Batson’s veins are the only veins in your body with two-way valves.

This bidirectional flow of Batson’s veins PLUS the loading/unloading of your intervertebral discs [which happens from going in and out of decompression exercises] are both critical for moving blood and pressurizing your discs.

👆🏼THIS is how you can affect fluid flow exchange in and out of your discs!

COMMON QUESTIONS

As a chiropractor, I get many questions regarding the concept of decompression. Some of them are:

  1. Are those inversion tables any help?

  2. How about gravity boots?

  3. Does hanging from monkey bars help?

  4. Is a hot tub good for my back?

  5. Why does traction not help my back but your treatment does?

Are those inversion tables any help?

Hanging upside down may be fine to stretch out the soft tissues but it does not provide the fluid flow effectively to ( and from ) the discs. After about 5 seconds of hanging upside down the fluid slows down considerably and to create fluid flow, you’d have to stand up again to reload the spine.

How about gravity boots?

This is basically the same answer as above but with the added unnatural forces to the ankles.

Does hanging from monkey bars help?

It can if you have good shoulders but I would recommend getting off the monkey bars after about 3-5 seconds and then repeat.
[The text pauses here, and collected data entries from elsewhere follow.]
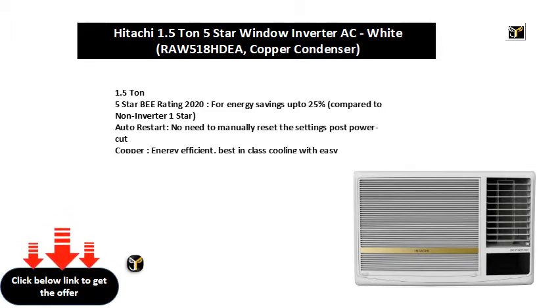Copper — energy efficient, best in class cooling with easy maintenance.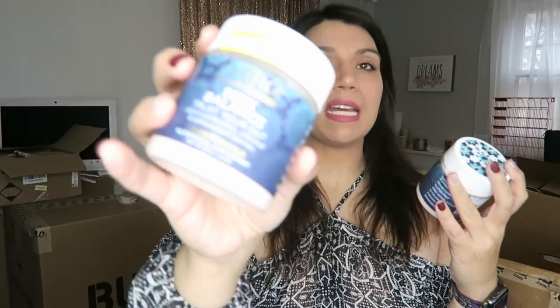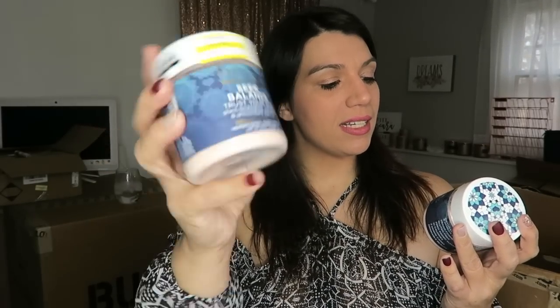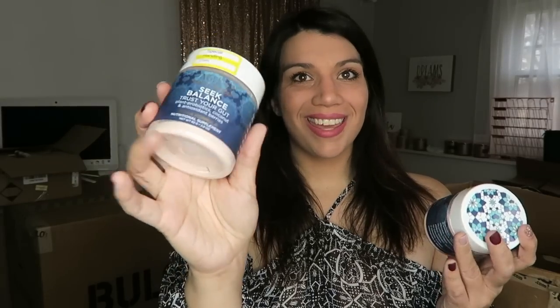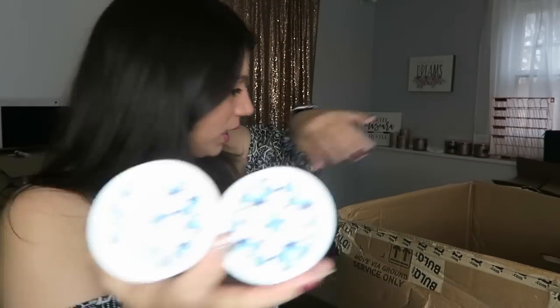This is another really nice supplement — I've used this, I've sold this, I love this. It is the Pacifica Seek Balance Trust Your Gut Probiotic Drink Mix. It's a vegan formula with coconut and berry flavor. It is delicious. Really super easy to list in my eBay store because it's already listed.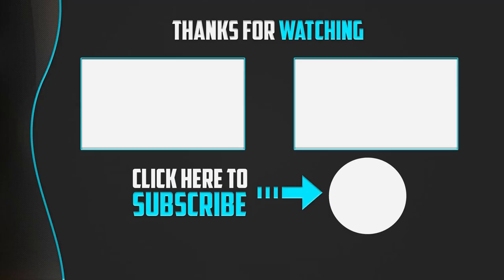Thank you for watching guys. I hope you liked this video. If this video was helpful to you, please make sure to like, comment and subscribe. If you have any questions related to these products, you can leave a comment down below and I will get back to you as soon as possible.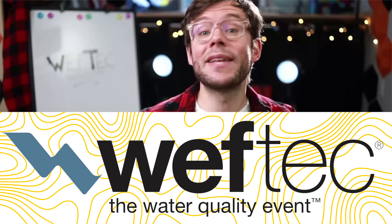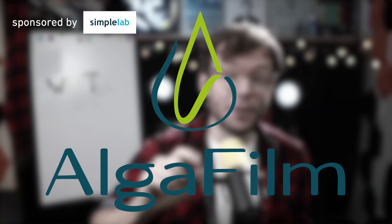WEFTEC 2025 had about 1,000 exhibiting companies, so could I vet them all? Of course not. But still, I did my subjective and selected picks. This company is one of them.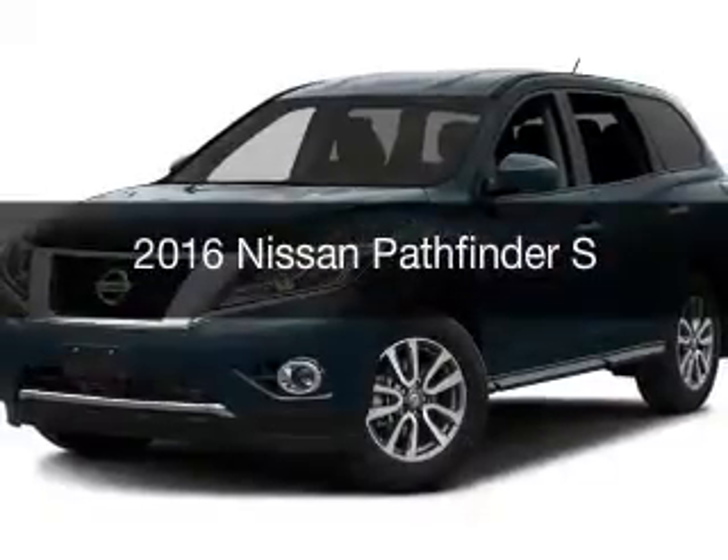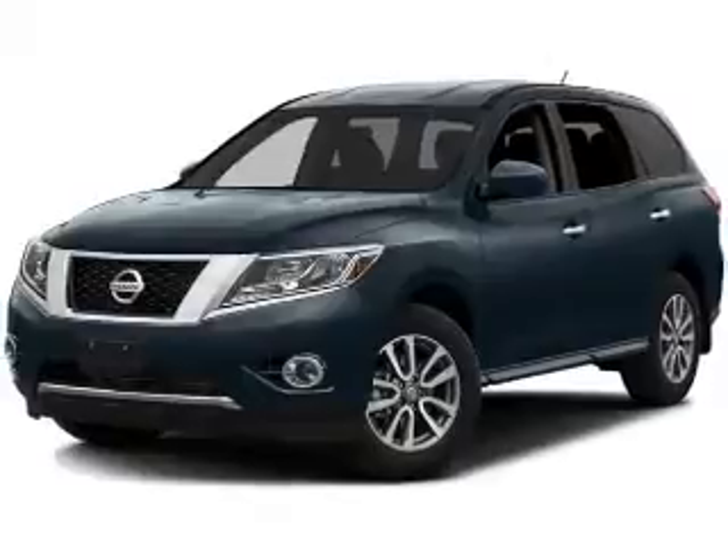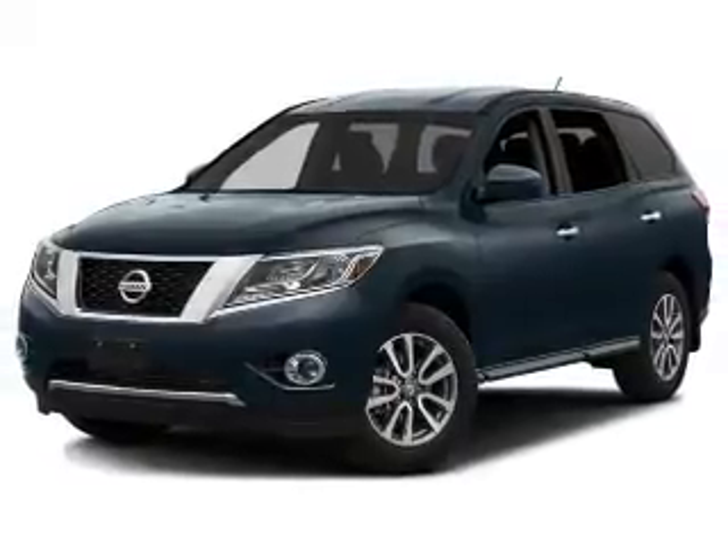This is a new 2016 Nissan Pathfinder. It's powered by four-wheel drive, engine, and an automatic transmission.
Is a hot tub good for my back?

This environment is good to unload discs and relax muscles but you have to be careful that you are not heating up structures that are inflamed as this can exacerbate symptoms.

Why does traction not help my back but your treatment does?

Often I will have patients wonder why USD works well with spinal conditions. I believe it is possibly the pulse of load to unload that generates the best outcome.

Thanks, Jerome!

DINNEEN’S COMMENTARY

I'm a huge fan of gentle dynamic decompression exercises because they've helped me and many of my clients tremendously.

Now that we know a bit more about this hydrostatic mechanism we can conclude the following:

  • Movement is necessary to move inflammatory proteins out of your spine and to flush healing hydration into your discs.
  • The key is alternating decompression + load + decompression several times to optimize the fluid flow in and out of your discs
  • Not moving exacerbates inflammation and impedes the hydrostatic mechanisms that are necessary for healing

MORE WAYS TO DECOMPRESS

There are many ways to dynamically decompress your spine.

I've posted several other ways to decompress on my Instagram feed, so take a look and make sure to follow me if you're not already.

  1. Table Decompression

  2. Prone Supported

  3. Suspension Decompression

  4. Doorknob Stretch (aka Counter Stretch)

  5. Anywhere Decompress

  6. Inversion

  7. End of Bed Decompression

  8. Physioball Decompression

These exercises may offer some relief for you if you have stenosis, dessicated (degenerative) discs or impinged nerves.

If you have been diagnosed with unstable spondylolisthesis, this may not be for you.

Note: This article is for informational purposes and is not meant as medical advice. Check in with your attending doctors and physical therapists to see if this would be appropriate for you.